**WHAT THIS TASK INVOLVES:** Give back an exact copy of the listing that follows, without the pictures.

**RECORDED INFORMATION:**
◆ ◆ ◆

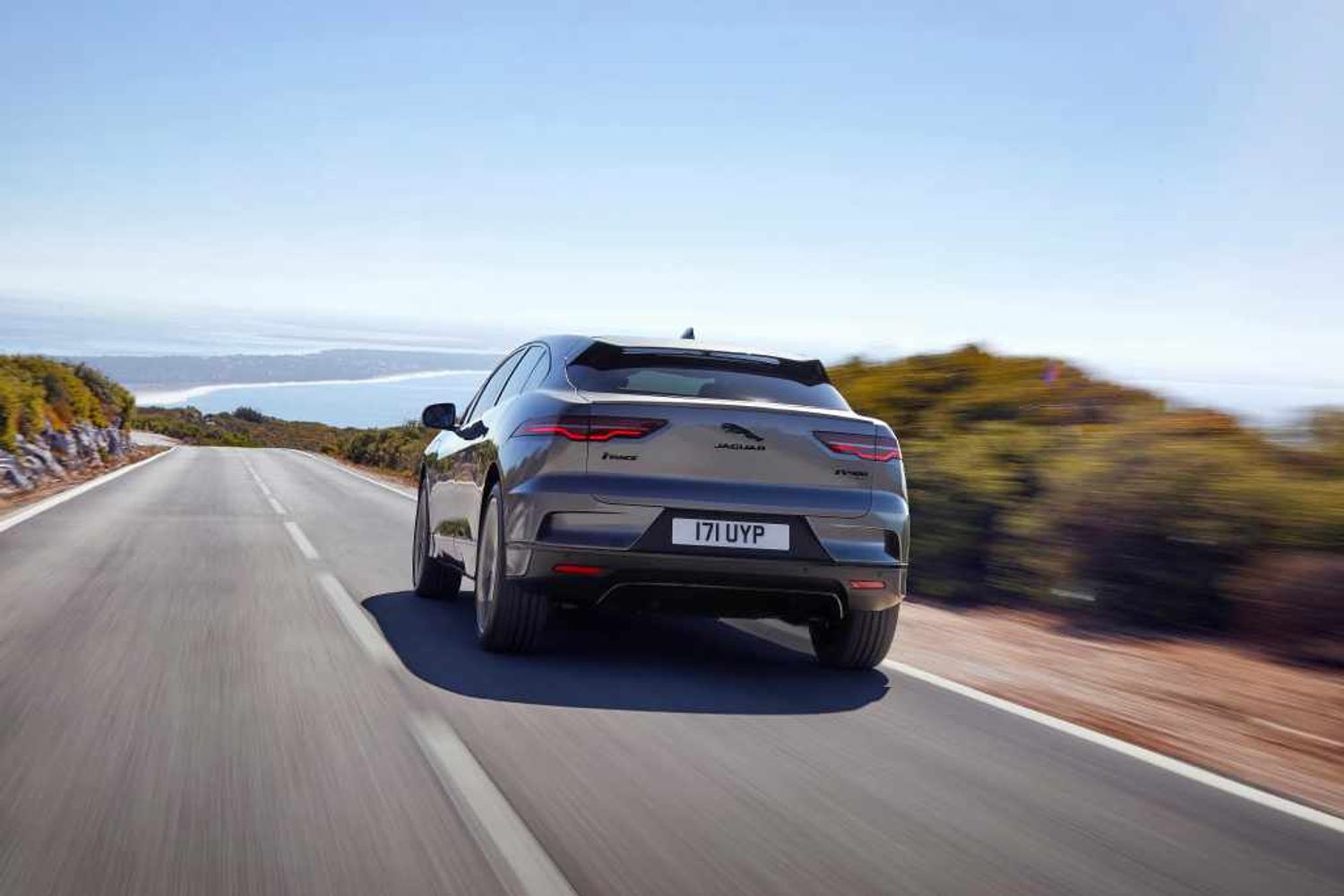 Jaguar I-Pace electric car exterior rear driving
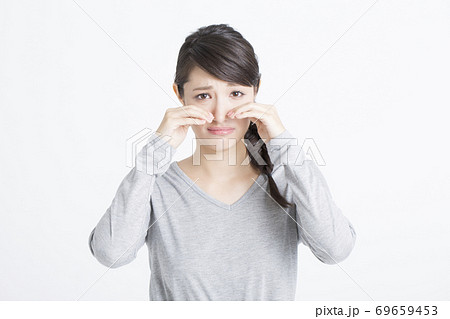 悲しい顔の女性の写真素材
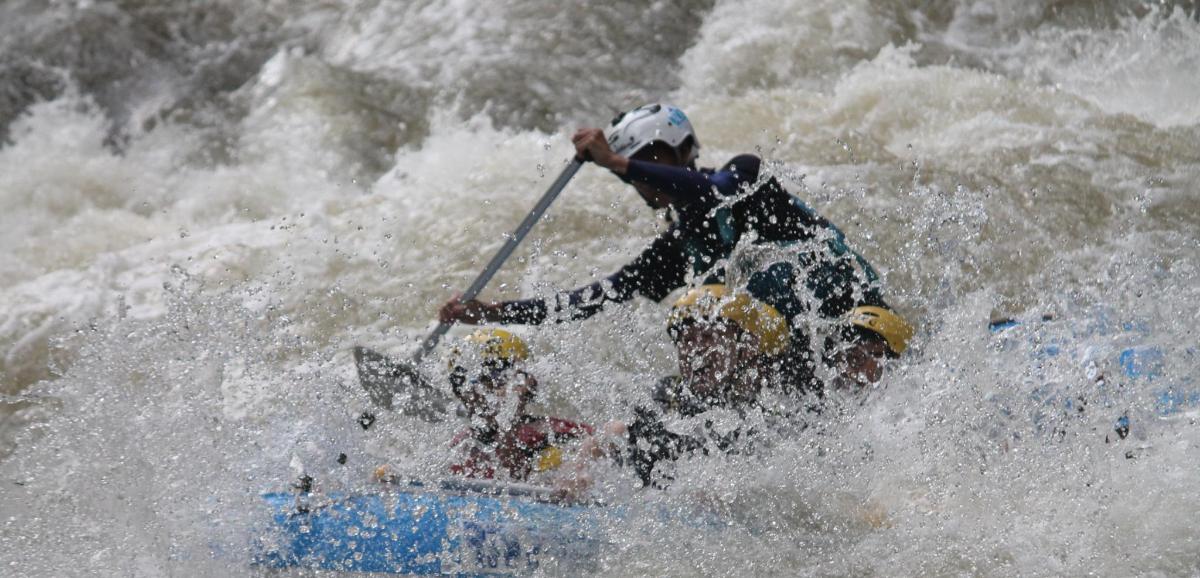 a man is on a raft in a river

◆ ◆ ◆

**SOLUTION BELOW:**
 Jaguar I-Pace electric car exterior rear driving
 悲しい顔の女性の写真素材
 a man is on a raft in a river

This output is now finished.